TIPS TO GOOD ORAL HEALTH: Teeth can last a lifetime by maintaining a healthy mouth. Some ways to do this are by drinking fluoridated water and brushing with fluoride toothpaste, brushing teeth thoroughly twice a day, flossing daily to remove dental plaque, and visiting the dentist at least once a year. It is recommended to not use any tobacco products, quit smoking, and limit alcoholic drinks. If you have diabetes, work to maintain control of the disease which will decrease risk for other complications, including gum disease. Treating gum disease may help lower blood sugar. If dry mouth cannot be avoided, drink plenty of water, chew sugarless gum, and avoid tobacco products and alcohol. It is important to see the doctor or dentist if you have sudden changes in taste and smell. When acting as a caregiver, it’s important to help older individuals brush and floss their teeth if they are not able to perform these activities independently.
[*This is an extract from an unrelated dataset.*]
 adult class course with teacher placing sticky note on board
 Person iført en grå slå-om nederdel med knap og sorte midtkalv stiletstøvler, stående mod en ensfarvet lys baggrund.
BREAKTHROUGH IN DENTISTRY: New knowledge on the cellular makeup and growth of teeth can advance developments in regenerative dentistry, a biological therapy for damaged teeth, as well as the treatment of tooth sensitivity. Using a single-cell RNA sequencing method and genetic tracing, researchers at Karolinska Institutet, the Medical University of Vienna in Austria and Harvard University have identified and characterized all cell populations in mouse teeth and in the young growing and adult human teeth. “From stem cells to the completely differentiated adult cells we were able to decipher the differentiation pathways of odontoblasts, which give rise to dentine, the hard tissue closest to the pulp, and ameloblasts, which give rise to the enamel,” said Igor Adameyko at the Department of Physiology and Pharmacology, Karolinska Institutet, and Kaj Fried at the Department of Neuroscience, Karolinska Institutet. Some of the finds can also explain certain complicated aspects of the immune system in teeth, and others shed new light on the formation of tooth enamel, the hardest tissue in our bodies.